→ **Work request**: Output, exactly and in full, only the lines from the one containing "Runtime-Library-Error-compressor.png" to the last line of the data. Pictures should not appear.

(Caption-style text data)
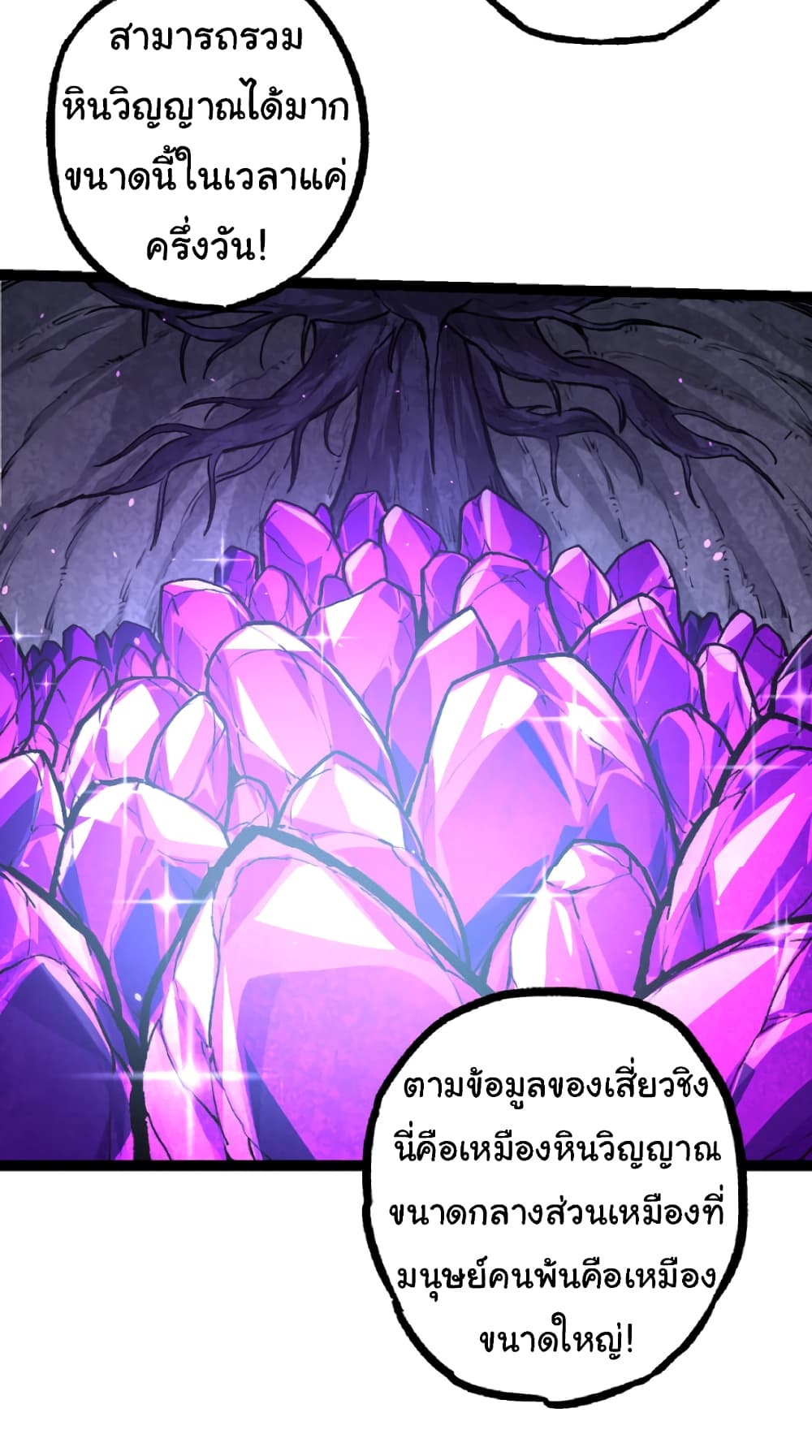 Evolution from the Big Tree เธ•เธญเธเธ—เธตเน 27 (42)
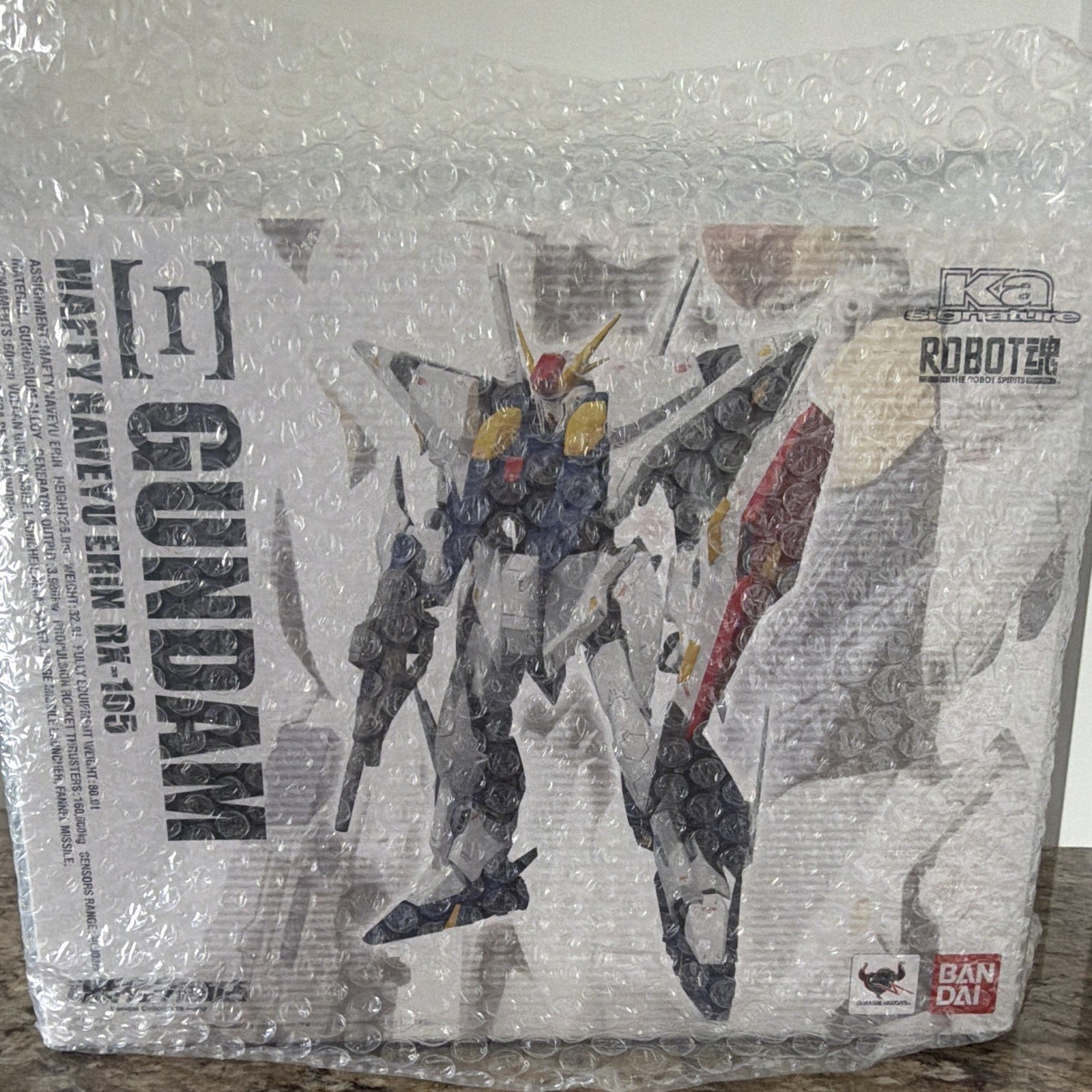 Bandai Robot Soul Spirits Mafty Naveyu Erin RX-105 XI Gundam Figure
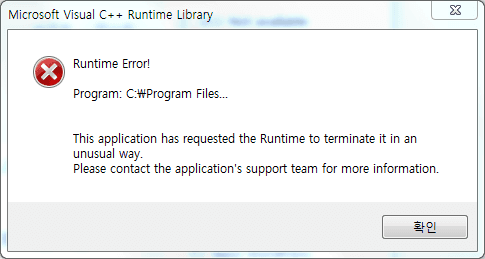 Runtime-Library-Error-compressor.png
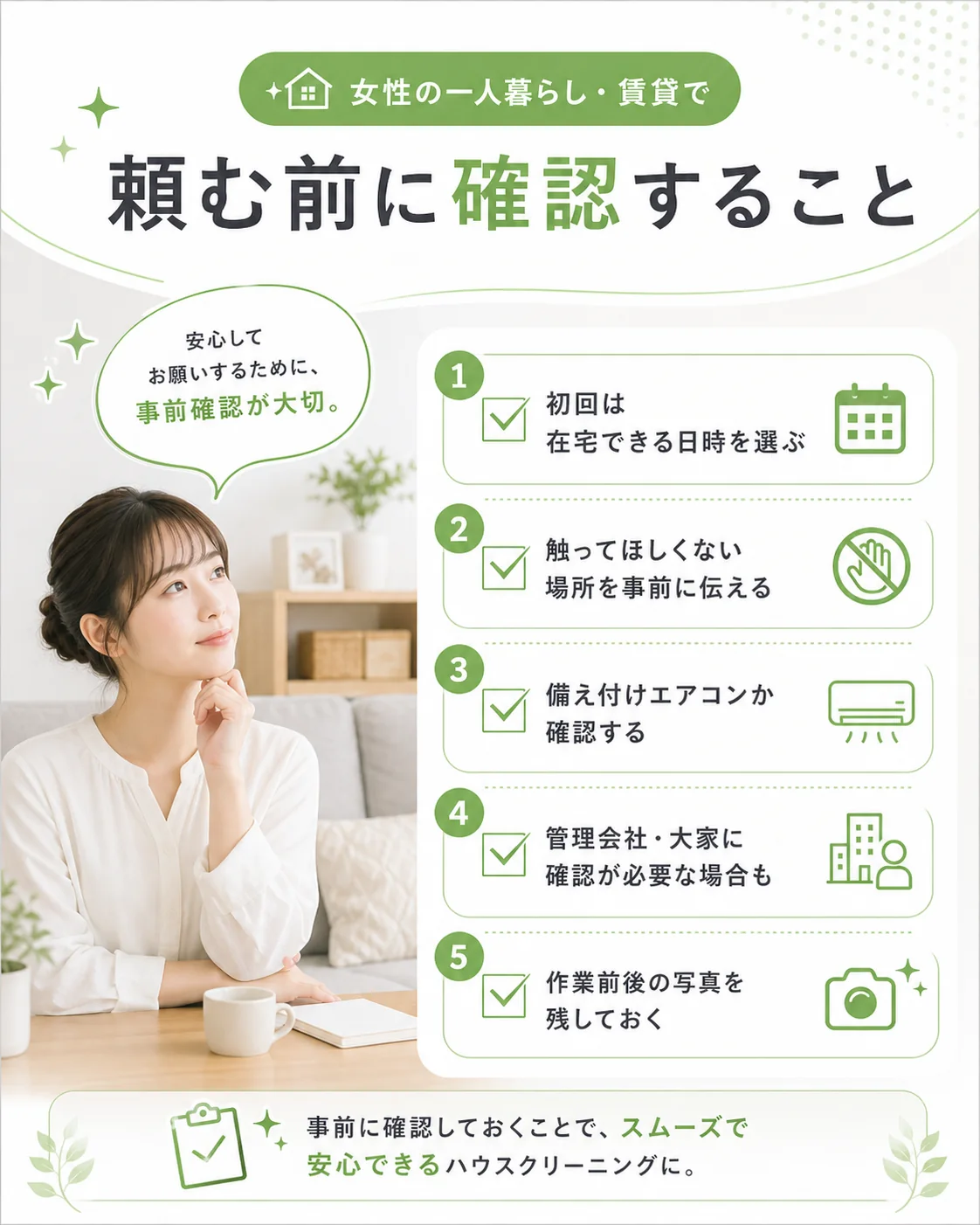 女性の一人暮らしや賃貸で頼む前に確認すること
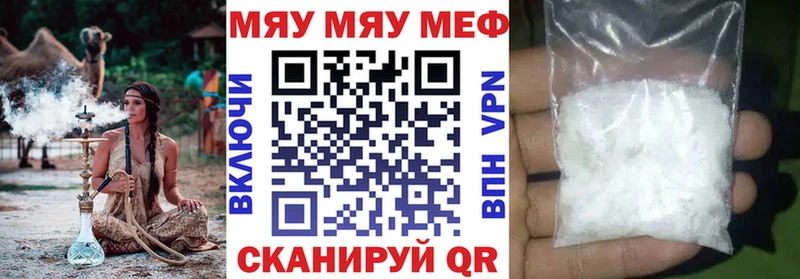 закладка  Норильск  Мефедрон кристаллы 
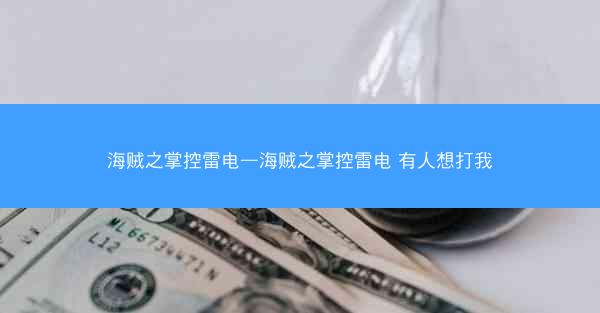 海贼之掌控雷电—海贼之掌控雷电 有人想打我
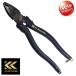 �t�W�� �ΐc�p���[�y���`�iKUROKIN�j�o�����@�\�t�� 200mm 3020N-200BG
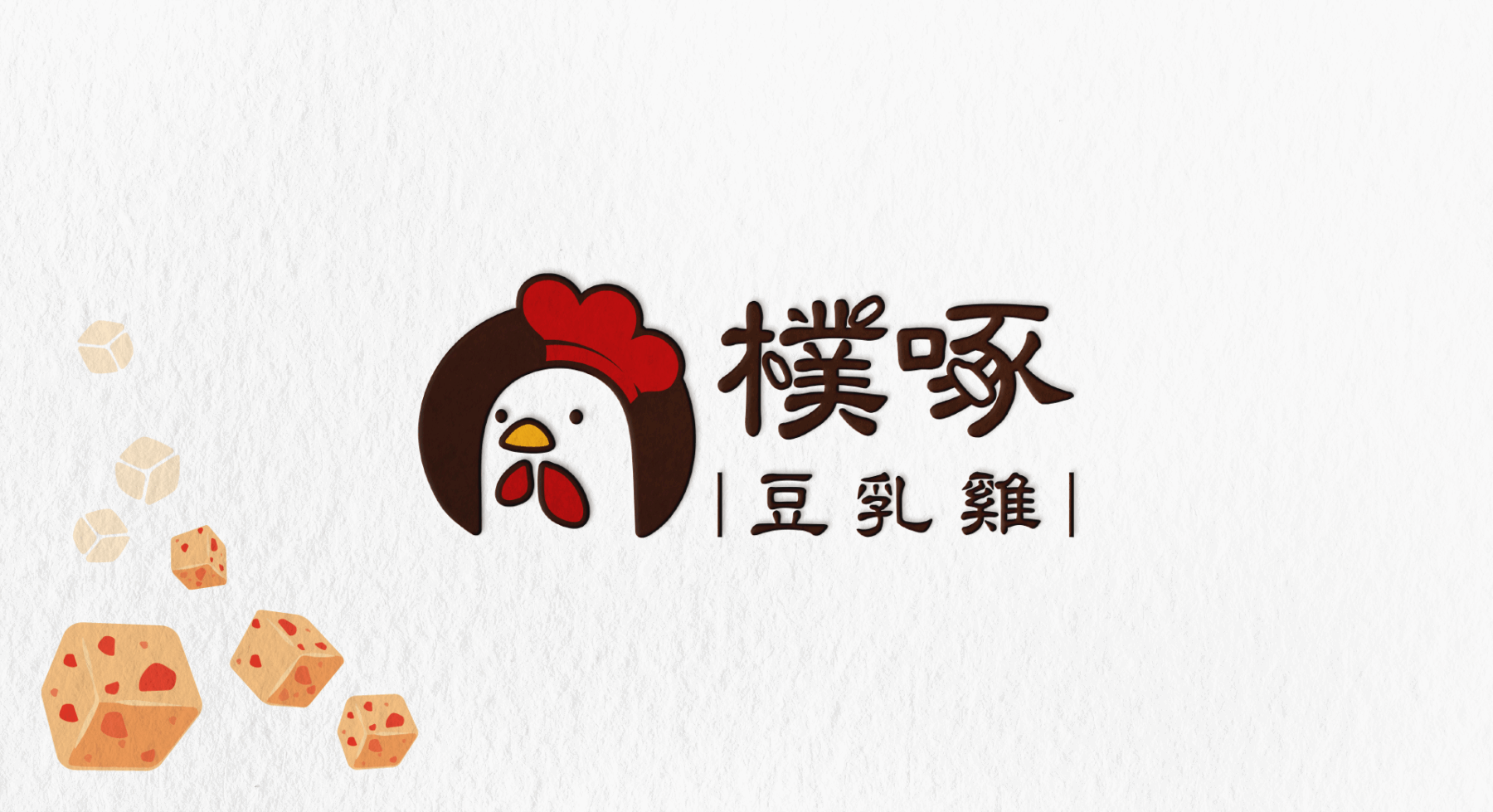 樸啄豆乳雞-餐飲加盟-攤車設計-品牌形象設計整合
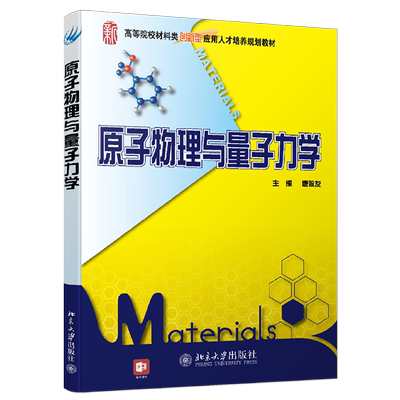 原子物理与量子力学 高校材料类培养教材 北京大学旗舰店正版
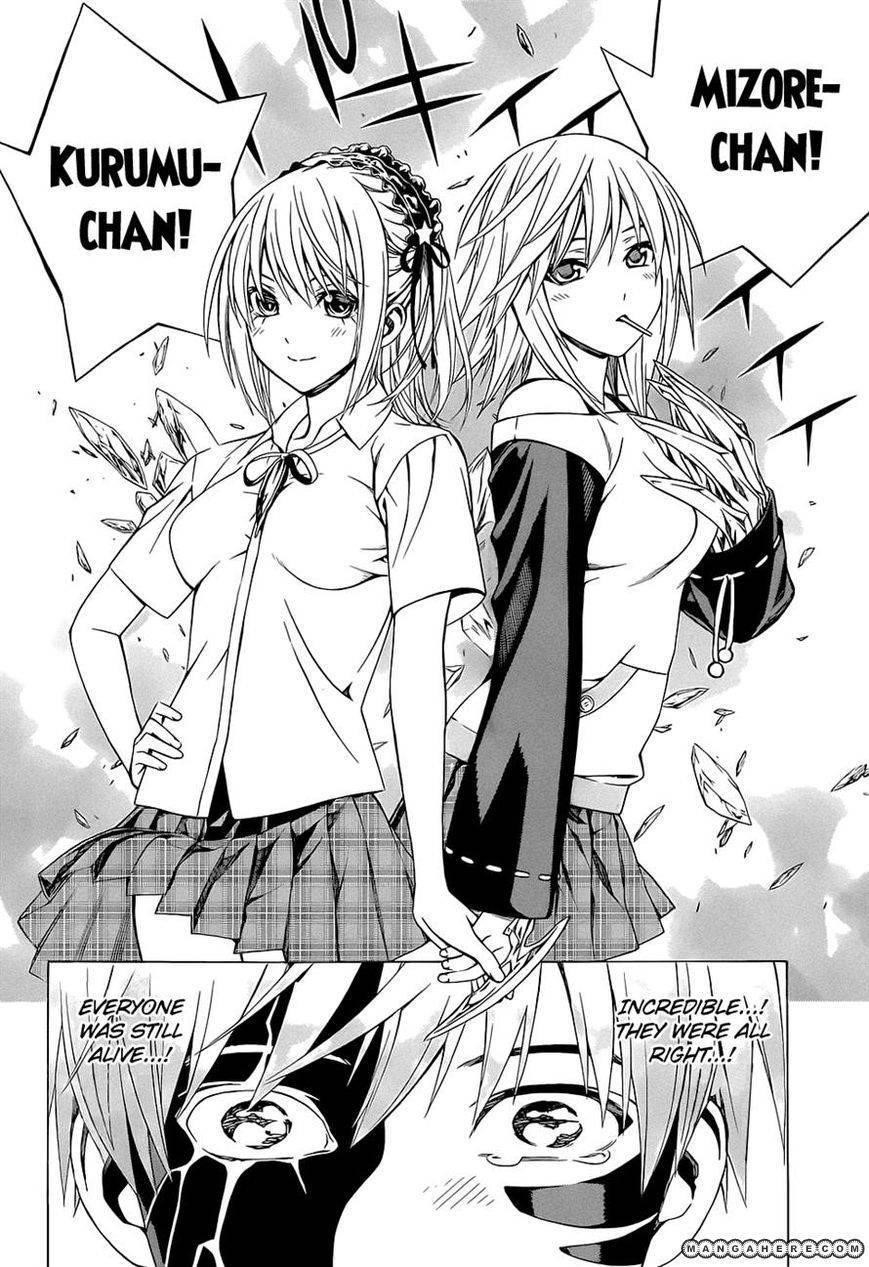 Rosario to Vampire – Season II Chapter 61 - Page 26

→ **Result below**:
 Runtime-Library-Error-compressor.png
 女性の一人暮らしや賃貸で頼む前に確認すること
 закладка  Норильск  Мефедрон кристаллы 
 海贼之掌控雷电—海贼之掌控雷电 有人想打我
 �t�W�� �ΐc�p���[�y���`�iKUROKIN�j�o�����@�\�t�� 200mm 3020N-200BG
 樸啄豆乳雞-餐飲加盟-攤車設計-品牌形象設計整合
 原子物理与量子力学 高校材料类培养教材 北京大学旗舰店正版
 Rosario to Vampire – Season II Chapter 61 - Page 26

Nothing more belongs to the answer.